Il lavoro sull’attore che porta avanti con Peter Brook, con il Mahabharata e poi anche con Shakespeare, quanto questa esperienza, di vita e lavoro, l’ha cambiata rispetto alla sua formazione in Senegal?
“Peter Brook mi ha inspessito perché si è focalizzato sul mio percorso. Quello che mi è molto piaciuto è questo rapporto umano che si è creato con lui, Brook indicava la strada ma non ti accompagnava mai e partendo dal Mahabharata mi disse di fidarmi del mio corpo. Un giorno mi guardò dritto negli occhi e mi disse – Be Yourself – sii te stesso.”
Interpretare Edipo qui, a Segesta in questo momento storico, cosa significa per lei?
“Vuol dire anche andare sulle orme dell’antichità, che non è come tornare indietro ma neanche come reiterare l’antichità. Chiunque deve sentire la presenza di Edipo soprattutto in questo luogo, con queste pietre che sfidano il tempo e che hanno assorbito tante cose e tanti significati. Cosa ci sussurrano questi personaggi? la loro storia ci riguarda per quanto siamo esseri umani, in rapporto a tutto quello che viviamo ogni giorno.”
Durante lo spettacolo il pubblico si trova, come il protagonista, straniero in terra straniera. Come Edipo, lei si è mai sentito straniero in terra straniera ?

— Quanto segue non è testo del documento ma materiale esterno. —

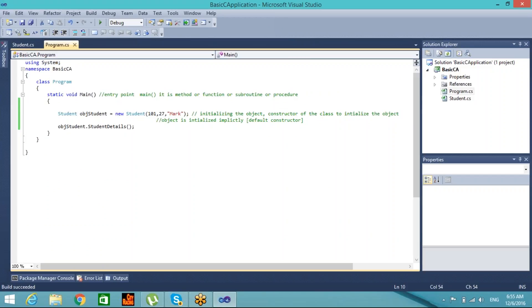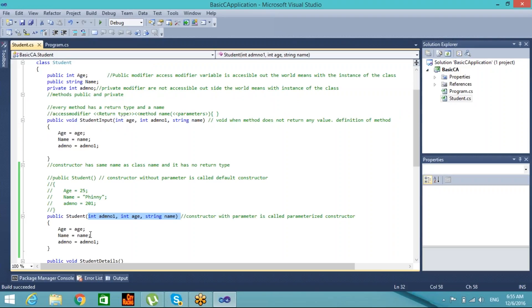This output happened because of the parameterized constructor. So far we have discussed the parameterized constructor and the default constructor — which is the constructor without any parameters. In .NET it is possible to have multiple constructors in a class.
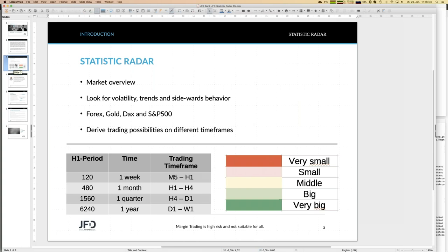We look for volatility trends, and especially in these days it's quite necessary to look at sidewards behavior as well, because there are trading strategies which are quite suitable for sidewards markets. Since not that many pairs and underlyings show a good trend, it's a good time to switch to those kind of strategies as well. But we have some good trends as well. We derive any trading possibilities on different time frames - it's a multi-time frame analysis.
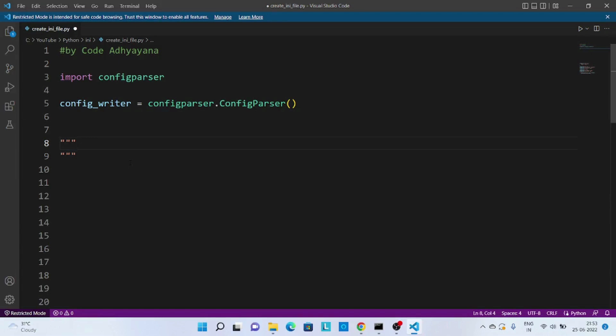Hi everyone, in this video we are going to learn how to create and read INI files. But before that, let's talk about what is an INI file and why do we need it.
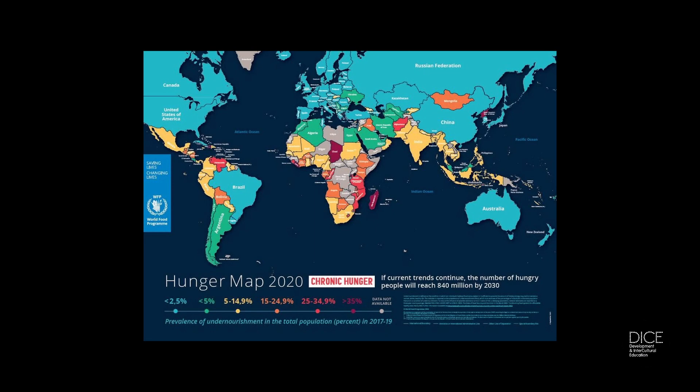Consider this: over 800 million people worldwide are suffering from chronic hunger and malnutrition. What can we do about this? Here in Maynooth University we are exploring these local and global issues with our student teachers.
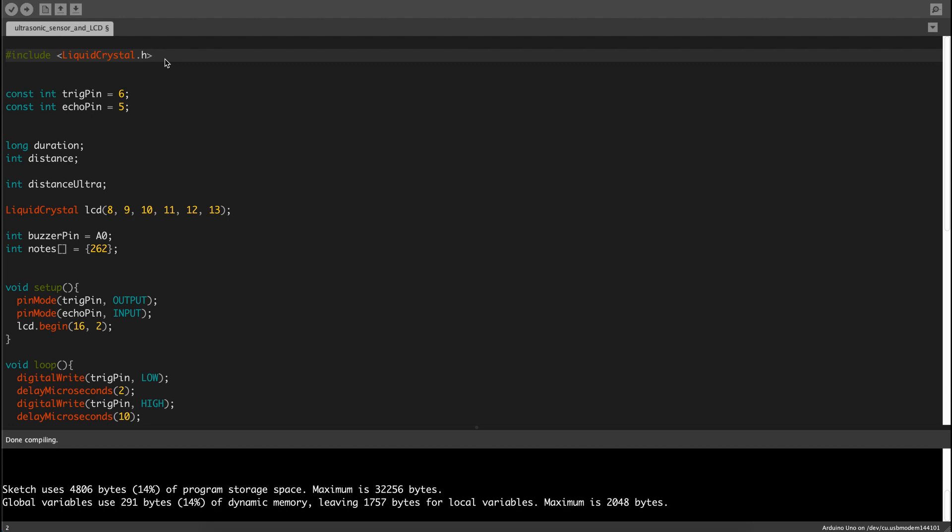Let's get into the code. So first we got include LiquidCrystal.h, which is the library included in the Arduino IDE for the liquid crystal.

“Si, anche nel mio paese. Ho appreso ad accettare le altre culture e a rispettarle, riuscire ad integrarsi nel senso interiore, da essere umano ad essere umano, con tutte le differenze e le similitudini che ci contraddistinguono. Il Radicamento e l’ Apertura sono due pilastri che abbiamo in Senegal, aprirsi per collegarsi all’altro e costruire un ponte. In Senegal dicono che bisogna essere come un albero, avere le radici profonde e i rami che si aprono verso il cielo. Le radici sono nella nostra terra, nella nostra cultura e in quello che siamo, ma poi sono i nostri rami che si devono aprire verso il cielo.”
Il Teatro è un Rito, destino collettivo, spogliato di ogni decoro, illusione, come anche in questa rappresentazione di Edipo a Colono, anche qui assistiamo ad un Rito collettivo e in che modo questo viene portato sulla scena?
“Partirei dal suggerire, non è un culto che devo praticare il teatro. Peter Brook sosteneva il teatro sacro, e il teatro profano”. Gina Merulla, regista dello spettacolo, racconta che “In questo Edipo a Colono c’è la voce, il pezzo Sofocleo è in background, noi ci affidiamo praticamente all’emozione che viviamo e raccontiamo attraverso il corpo. Essendo una messa in scena che passa dal lato emotivo, dalla pancia, ci avvolgiamo di questo e prendiamo il pubblico e lo conduciamo in questo viaggio, insieme a noi. In questa rappresentazione non si tratta di capire ma di sentire. Non bisogna avere preconcetti ma bisogna aprire ed aprirsi, quindi sentire lo spettacolo e sentire quello che gli attori ti fanno arrivare.”